Exercise details - A faithful, word-for-word transcription of all the data is what is needed.

Stored records:
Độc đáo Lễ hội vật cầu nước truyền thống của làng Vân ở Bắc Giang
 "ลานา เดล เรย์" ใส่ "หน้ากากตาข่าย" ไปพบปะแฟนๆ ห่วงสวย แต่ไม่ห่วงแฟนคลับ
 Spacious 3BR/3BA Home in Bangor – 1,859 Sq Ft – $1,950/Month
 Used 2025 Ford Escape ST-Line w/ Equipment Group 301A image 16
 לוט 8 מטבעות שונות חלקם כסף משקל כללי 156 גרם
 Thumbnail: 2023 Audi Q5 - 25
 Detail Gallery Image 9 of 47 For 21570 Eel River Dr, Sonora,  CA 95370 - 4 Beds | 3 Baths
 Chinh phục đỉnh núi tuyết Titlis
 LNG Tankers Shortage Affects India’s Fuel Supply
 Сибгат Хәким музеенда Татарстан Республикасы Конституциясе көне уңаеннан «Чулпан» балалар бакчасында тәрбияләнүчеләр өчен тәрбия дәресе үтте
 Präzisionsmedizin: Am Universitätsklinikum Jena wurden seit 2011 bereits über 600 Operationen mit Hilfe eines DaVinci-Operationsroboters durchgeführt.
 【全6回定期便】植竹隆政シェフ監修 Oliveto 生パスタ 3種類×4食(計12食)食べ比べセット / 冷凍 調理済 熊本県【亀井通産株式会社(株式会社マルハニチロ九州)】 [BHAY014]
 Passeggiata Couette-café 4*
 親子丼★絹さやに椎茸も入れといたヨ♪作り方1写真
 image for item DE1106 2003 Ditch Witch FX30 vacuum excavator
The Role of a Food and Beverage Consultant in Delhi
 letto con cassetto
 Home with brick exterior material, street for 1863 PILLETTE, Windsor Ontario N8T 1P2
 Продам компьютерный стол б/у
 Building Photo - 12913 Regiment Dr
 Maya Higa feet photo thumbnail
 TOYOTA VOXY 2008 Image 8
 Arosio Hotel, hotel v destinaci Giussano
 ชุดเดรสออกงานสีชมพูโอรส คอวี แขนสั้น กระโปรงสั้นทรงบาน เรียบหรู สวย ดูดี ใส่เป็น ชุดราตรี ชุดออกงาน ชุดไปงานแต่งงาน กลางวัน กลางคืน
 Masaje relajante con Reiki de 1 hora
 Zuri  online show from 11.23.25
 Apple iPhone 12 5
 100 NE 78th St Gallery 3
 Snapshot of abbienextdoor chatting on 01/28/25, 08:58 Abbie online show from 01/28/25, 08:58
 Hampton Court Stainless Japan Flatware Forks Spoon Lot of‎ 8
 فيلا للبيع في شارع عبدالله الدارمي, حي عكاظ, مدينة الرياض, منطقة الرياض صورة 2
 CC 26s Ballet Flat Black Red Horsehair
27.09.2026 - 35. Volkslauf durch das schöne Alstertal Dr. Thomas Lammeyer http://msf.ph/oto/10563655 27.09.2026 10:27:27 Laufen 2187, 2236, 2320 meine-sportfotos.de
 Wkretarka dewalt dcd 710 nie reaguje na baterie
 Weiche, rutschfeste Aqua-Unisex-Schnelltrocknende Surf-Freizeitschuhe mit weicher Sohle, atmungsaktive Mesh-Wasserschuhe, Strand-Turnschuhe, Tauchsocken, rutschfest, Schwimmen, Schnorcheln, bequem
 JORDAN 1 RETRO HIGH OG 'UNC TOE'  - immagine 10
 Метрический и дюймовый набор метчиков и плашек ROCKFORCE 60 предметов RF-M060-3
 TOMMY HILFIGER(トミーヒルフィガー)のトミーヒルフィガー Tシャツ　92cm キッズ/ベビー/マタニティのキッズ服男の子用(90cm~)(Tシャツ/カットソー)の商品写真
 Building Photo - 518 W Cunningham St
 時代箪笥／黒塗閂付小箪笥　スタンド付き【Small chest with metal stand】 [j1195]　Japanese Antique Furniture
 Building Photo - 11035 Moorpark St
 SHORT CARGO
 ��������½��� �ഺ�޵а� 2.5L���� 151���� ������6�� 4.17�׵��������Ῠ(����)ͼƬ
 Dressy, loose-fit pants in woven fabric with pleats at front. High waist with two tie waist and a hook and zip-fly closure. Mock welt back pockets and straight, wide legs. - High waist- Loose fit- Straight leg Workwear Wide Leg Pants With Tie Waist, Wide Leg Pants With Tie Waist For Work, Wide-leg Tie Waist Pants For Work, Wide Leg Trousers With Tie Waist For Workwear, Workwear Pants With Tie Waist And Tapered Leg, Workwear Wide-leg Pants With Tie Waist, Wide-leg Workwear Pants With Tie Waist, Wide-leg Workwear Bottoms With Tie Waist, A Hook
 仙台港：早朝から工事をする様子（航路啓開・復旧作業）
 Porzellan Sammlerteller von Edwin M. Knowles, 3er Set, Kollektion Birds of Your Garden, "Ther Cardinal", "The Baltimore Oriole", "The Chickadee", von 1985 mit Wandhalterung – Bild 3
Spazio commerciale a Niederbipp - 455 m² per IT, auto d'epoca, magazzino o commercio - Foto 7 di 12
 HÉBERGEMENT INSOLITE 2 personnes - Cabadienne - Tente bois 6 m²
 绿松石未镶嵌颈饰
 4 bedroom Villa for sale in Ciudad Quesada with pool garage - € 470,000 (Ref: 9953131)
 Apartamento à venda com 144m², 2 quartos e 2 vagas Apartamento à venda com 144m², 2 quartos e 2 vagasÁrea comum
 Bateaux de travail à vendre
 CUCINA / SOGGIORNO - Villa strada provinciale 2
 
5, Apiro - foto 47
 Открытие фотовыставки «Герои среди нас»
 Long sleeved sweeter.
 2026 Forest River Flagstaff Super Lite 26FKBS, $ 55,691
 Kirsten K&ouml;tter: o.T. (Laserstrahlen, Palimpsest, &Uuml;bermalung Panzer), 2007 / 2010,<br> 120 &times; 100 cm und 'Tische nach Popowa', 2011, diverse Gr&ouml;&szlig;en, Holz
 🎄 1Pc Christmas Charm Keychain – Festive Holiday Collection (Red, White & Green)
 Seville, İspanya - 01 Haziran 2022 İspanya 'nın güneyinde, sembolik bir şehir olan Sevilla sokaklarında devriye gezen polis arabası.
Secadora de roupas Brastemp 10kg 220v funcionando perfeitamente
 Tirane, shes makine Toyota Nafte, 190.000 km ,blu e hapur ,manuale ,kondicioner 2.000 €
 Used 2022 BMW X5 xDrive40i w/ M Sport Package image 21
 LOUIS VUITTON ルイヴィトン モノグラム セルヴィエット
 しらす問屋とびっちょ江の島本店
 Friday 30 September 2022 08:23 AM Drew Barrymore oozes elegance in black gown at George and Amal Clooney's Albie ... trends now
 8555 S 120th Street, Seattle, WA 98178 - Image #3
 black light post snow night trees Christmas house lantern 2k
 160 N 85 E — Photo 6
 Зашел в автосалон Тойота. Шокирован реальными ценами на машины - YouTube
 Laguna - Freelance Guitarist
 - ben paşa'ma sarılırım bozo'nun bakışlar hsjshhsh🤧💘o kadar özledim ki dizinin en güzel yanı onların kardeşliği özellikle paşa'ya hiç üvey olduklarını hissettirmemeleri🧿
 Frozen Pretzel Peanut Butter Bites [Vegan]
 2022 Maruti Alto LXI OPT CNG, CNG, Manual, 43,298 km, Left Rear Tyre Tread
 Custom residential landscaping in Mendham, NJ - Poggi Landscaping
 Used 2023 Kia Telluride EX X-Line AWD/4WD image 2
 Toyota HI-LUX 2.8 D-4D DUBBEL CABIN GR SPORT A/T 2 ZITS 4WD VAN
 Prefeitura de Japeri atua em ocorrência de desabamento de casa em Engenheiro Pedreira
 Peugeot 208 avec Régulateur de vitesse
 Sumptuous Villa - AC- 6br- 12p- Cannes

Solution for this exercise -
Độc đáo Lễ hội vật cầu nước truyền thống của làng Vân ở Bắc Giang
 "ลานา เดล เรย์" ใส่ "หน้ากากตาข่าย" ไปพบปะแฟนๆ ห่วงสวย แต่ไม่ห่วงแฟนคลับ
 Spacious 3BR/3BA Home in Bangor – 1,859 Sq Ft – $1,950/Month
 Used 2025 Ford Escape ST-Line w/ Equipment Group 301A image 16
 לוט 8 מטבעות שונות חלקם כסף משקל כללי 156 גרם
 Thumbnail: 2023 Audi Q5 - 25
 Detail Gallery Image 9 of 47 For 21570 Eel River Dr, Sonora,  CA 95370 - 4 Beds | 3 Baths
 Chinh phục đỉnh núi tuyết Titlis
 LNG Tankers Shortage Affects India’s Fuel Supply
 Сибгат Хәким музеенда Татарстан Республикасы Конституциясе көне уңаеннан «Чулпан» балалар бакчасында тәрбияләнүчеләр өчен тәрбия дәресе үтте
 Präzisionsmedizin: Am Universitätsklinikum Jena wurden seit 2011 bereits über 600 Operationen mit Hilfe eines DaVinci-Operationsroboters durchgeführt.
 【全6回定期便】植竹隆政シェフ監修 Oliveto 生パスタ 3種類×4食(計12食)食べ比べセット / 冷凍 調理済 熊本県【亀井通産株式会社(株式会社マルハニチロ九州)】 [BHAY014]
 Passeggiata Couette-café 4*
 親子丼★絹さやに椎茸も入れといたヨ♪作り方1写真
 image for item DE1106 2003 Ditch Witch FX30 vacuum excavator
The Role of a Food and Beverage Consultant in Delhi
 letto con cassetto
 Home with brick exterior material, street for 1863 PILLETTE, Windsor Ontario N8T 1P2
 Продам компьютерный стол б/у
 Building Photo - 12913 Regiment Dr
 Maya Higa feet photo thumbnail
 TOYOTA VOXY 2008 Image 8
 Arosio Hotel, hotel v destinaci Giussano
 ชุดเดรสออกงานสีชมพูโอรส คอวี แขนสั้น กระโปรงสั้นทรงบาน เรียบหรู สวย ดูดี ใส่เป็น ชุดราตรี ชุดออกงาน ชุดไปงานแต่งงาน กลางวัน กลางคืน
 Masaje relajante con Reiki de 1 hora
 Zuri  online show from 11.23.25
 Apple iPhone 12 5
 100 NE 78th St Gallery 3
 Snapshot of abbienextdoor chatting on 01/28/25, 08:58 Abbie online show from 01/28/25, 08:58
 Hampton Court Stainless Japan Flatware Forks Spoon Lot of‎ 8
 فيلا للبيع في شارع عبدالله الدارمي, حي عكاظ, مدينة الرياض, منطقة الرياض صورة 2
 CC 26s Ballet Flat Black Red Horsehair
27.09.2026 - 35. Volkslauf durch das schöne Alstertal Dr. Thomas Lammeyer http://msf.ph/oto/10563655 27.09.2026 10:27:27 Laufen 2187, 2236, 2320 meine-sportfotos.de
 Wkretarka dewalt dcd 710 nie reaguje na baterie
 Weiche, rutschfeste Aqua-Unisex-Schnelltrocknende Surf-Freizeitschuhe mit weicher Sohle, atmungsaktive Mesh-Wasserschuhe, Strand-Turnschuhe, Tauchsocken, rutschfest, Schwimmen, Schnorcheln, bequem
 JORDAN 1 RETRO HIGH OG 'UNC TOE'  - immagine 10
 Метрический и дюймовый набор метчиков и плашек ROCKFORCE 60 предметов RF-M060-3
 TOMMY HILFIGER(トミーヒルフィガー)のトミーヒルフィガー Tシャツ　92cm キッズ/ベビー/マタニティのキッズ服男の子用(90cm~)(Tシャツ/カットソー)の商品写真
 Building Photo - 518 W Cunningham St
 時代箪笥／黒塗閂付小箪笥　スタンド付き【Small chest with metal stand】 [j1195]　Japanese Antique Furniture
 Building Photo - 11035 Moorpark St
 SHORT CARGO
 ��������½��� �ഺ�޵а� 2.5L���� 151���� ������6�� 4.17�׵��������Ῠ(����)ͼƬ
 Dressy, loose-fit pants in woven fabric with pleats at front. High waist with two tie waist and a hook and zip-fly closure. Mock welt back pockets and straight, wide legs. - High waist- Loose fit- Straight leg Workwear Wide Leg Pants With Tie Waist, Wide Leg Pants With Tie Waist For Work, Wide-leg Tie Waist Pants For Work, Wide Leg Trousers With Tie Waist For Workwear, Workwear Pants With Tie Waist And Tapered Leg, Workwear Wide-leg Pants With Tie Waist, Wide-leg Workwear Pants With Tie Waist, Wide-leg Workwear Bottoms With Tie Waist, A Hook
 仙台港：早朝から工事をする様子（航路啓開・復旧作業）
 Porzellan Sammlerteller von Edwin M. Knowles, 3er Set, Kollektion Birds of Your Garden, "Ther Cardinal", "The Baltimore Oriole", "The Chickadee", von 1985 mit Wandhalterung – Bild 3
Spazio commerciale a Niederbipp - 455 m² per IT, auto d'epoca, magazzino o commercio - Foto 7 di 12
 HÉBERGEMENT INSOLITE 2 personnes - Cabadienne - Tente bois 6 m²
 绿松石未镶嵌颈饰
 4 bedroom Villa for sale in Ciudad Quesada with pool garage - € 470,000 (Ref: 9953131)
 Apartamento à venda com 144m², 2 quartos e 2 vagas Apartamento à venda com 144m², 2 quartos e 2 vagasÁrea comum
 Bateaux de travail à vendre
 CUCINA / SOGGIORNO - Villa strada provinciale 2
 
5, Apiro - foto 47
 Открытие фотовыставки «Герои среди нас»
 Long sleeved sweeter.
 2026 Forest River Flagstaff Super Lite 26FKBS, $ 55,691
 Kirsten K&ouml;tter: o.T. (Laserstrahlen, Palimpsest, &Uuml;bermalung Panzer), 2007 / 2010,<br> 120 &times; 100 cm und 'Tische nach Popowa', 2011, diverse Gr&ouml;&szlig;en, Holz
 🎄 1Pc Christmas Charm Keychain – Festive Holiday Collection (Red, White & Green)
 Seville, İspanya - 01 Haziran 2022 İspanya 'nın güneyinde, sembolik bir şehir olan Sevilla sokaklarında devriye gezen polis arabası.
Secadora de roupas Brastemp 10kg 220v funcionando perfeitamente
 Tirane, shes makine Toyota Nafte, 190.000 km ,blu e hapur ,manuale ,kondicioner 2.000 €
 Used 2022 BMW X5 xDrive40i w/ M Sport Package image 21
 LOUIS VUITTON ルイヴィトン モノグラム セルヴィエット
 しらす問屋とびっちょ江の島本店
 Friday 30 September 2022 08:23 AM Drew Barrymore oozes elegance in black gown at George and Amal Clooney's Albie ... trends now
 8555 S 120th Street, Seattle, WA 98178 - Image #3
 black light post snow night trees Christmas house lantern 2k
 160 N 85 E — Photo 6
 Зашел в автосалон Тойота. Шокирован реальными ценами на машины - YouTube
 Laguna - Freelance Guitarist
 - ben paşa'ma sarılırım bozo'nun bakışlar hsjshhsh🤧💘o kadar özledim ki dizinin en güzel yanı onların kardeşliği özellikle paşa'ya hiç üvey olduklarını hissettirmemeleri🧿
 Frozen Pretzel Peanut Butter Bites [Vegan]
 2022 Maruti Alto LXI OPT CNG, CNG, Manual, 43,298 km, Left Rear Tyre Tread
 Custom residential landscaping in Mendham, NJ - Poggi Landscaping
 Used 2023 Kia Telluride EX X-Line AWD/4WD image 2
 Toyota HI-LUX 2.8 D-4D DUBBEL CABIN GR SPORT A/T 2 ZITS 4WD VAN
 Prefeitura de Japeri atua em ocorrência de desabamento de casa em Engenheiro Pedreira
 Peugeot 208 avec Régulateur de vitesse
 Sumptuous Villa - AC- 6br- 12p- Cannes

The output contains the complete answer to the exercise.